Extracted material:
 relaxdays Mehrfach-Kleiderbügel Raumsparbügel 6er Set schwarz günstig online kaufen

---

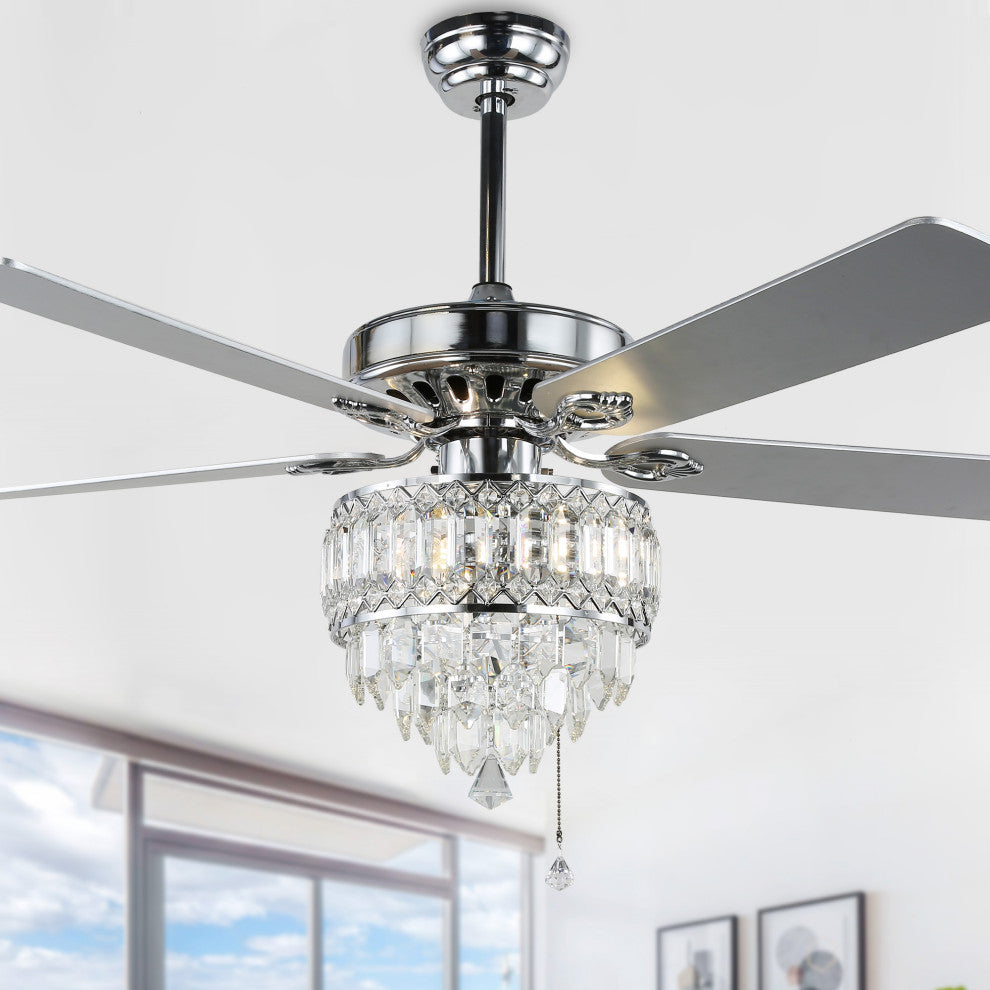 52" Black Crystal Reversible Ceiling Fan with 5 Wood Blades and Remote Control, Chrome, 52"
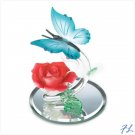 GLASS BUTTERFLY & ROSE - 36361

Problem details: From the records above, extract the lines from the one holding "Black Crystal Reversible" through the one holding "GLASS BUTTERFLY & ROSE - 36361", word for word; omit the pictures.

Task output:
 52" Black Crystal Reversible Ceiling Fan with 5 Wood Blades and Remote Control, Chrome, 52"
 GLASS BUTTERFLY & ROSE - 36361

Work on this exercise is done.